§ **How to complete this task**
Where the word "kitchen" occurs in a line of the listing, please copy the line.

Segment Start: Data to examine

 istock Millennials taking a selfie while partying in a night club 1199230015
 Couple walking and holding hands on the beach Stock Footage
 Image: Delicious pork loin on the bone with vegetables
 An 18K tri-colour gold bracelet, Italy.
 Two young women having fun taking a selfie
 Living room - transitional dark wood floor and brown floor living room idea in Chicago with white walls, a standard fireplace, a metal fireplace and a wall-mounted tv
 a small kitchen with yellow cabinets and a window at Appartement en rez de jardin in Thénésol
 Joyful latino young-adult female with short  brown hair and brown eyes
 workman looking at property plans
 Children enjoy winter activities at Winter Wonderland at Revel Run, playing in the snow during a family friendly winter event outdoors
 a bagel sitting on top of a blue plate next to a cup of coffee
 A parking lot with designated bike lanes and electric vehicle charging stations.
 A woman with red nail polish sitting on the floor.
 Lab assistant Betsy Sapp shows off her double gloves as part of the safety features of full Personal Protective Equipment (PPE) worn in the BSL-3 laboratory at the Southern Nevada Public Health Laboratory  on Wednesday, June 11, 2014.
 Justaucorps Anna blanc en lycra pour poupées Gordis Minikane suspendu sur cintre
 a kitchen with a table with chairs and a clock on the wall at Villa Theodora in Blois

Segment End: Data to examine
Segment Start: Data to examine

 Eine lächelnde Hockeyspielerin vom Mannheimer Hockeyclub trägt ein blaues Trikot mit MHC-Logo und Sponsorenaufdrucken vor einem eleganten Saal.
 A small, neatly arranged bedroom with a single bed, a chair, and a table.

Segment End: Data to examine

§ **Task output**
 a small kitchen with yellow cabinets and a window at Appartement en rez de jardin in Thénésol
 a kitchen with a table with chairs and a clock on the wall at Villa Theodora in Blois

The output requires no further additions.